• _WHAT IS BEING ASKED_
All lines in the material with the string "green" should be listed.

══ THE INPUT ══

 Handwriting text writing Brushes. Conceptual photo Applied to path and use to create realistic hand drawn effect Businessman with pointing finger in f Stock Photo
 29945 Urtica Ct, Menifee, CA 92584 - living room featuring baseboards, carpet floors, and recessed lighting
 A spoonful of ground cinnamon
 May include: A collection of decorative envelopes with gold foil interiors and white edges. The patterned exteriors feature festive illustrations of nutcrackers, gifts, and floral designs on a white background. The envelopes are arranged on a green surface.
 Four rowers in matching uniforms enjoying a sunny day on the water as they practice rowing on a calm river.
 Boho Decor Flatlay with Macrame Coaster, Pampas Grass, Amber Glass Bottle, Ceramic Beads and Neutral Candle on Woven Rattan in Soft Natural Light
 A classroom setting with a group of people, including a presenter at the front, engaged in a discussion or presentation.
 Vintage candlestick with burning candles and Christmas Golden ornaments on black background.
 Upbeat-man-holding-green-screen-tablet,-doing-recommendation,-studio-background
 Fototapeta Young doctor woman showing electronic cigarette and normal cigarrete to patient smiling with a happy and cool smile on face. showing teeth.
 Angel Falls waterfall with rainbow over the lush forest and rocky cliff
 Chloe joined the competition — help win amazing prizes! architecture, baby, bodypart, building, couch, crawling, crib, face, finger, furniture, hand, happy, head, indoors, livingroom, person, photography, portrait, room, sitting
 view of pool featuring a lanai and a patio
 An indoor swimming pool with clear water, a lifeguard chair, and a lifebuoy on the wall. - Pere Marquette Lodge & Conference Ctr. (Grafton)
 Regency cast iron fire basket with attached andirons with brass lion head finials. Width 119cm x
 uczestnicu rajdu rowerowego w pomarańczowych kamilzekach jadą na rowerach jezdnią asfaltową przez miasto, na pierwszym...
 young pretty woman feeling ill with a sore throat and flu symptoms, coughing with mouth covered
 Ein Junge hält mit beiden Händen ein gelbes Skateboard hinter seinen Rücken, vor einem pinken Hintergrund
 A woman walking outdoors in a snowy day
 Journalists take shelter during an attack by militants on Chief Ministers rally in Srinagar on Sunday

═══

• _TASK SOLUTION_
 May include: A collection of decorative envelopes with gold foil interiors and white edges. The patterned exteriors feature festive illustrations of nutcrackers, gifts, and floral designs on a white background. The envelopes are arranged on a green surface.
 Upbeat-man-holding-green-screen-tablet,-doing-recommendation,-studio-background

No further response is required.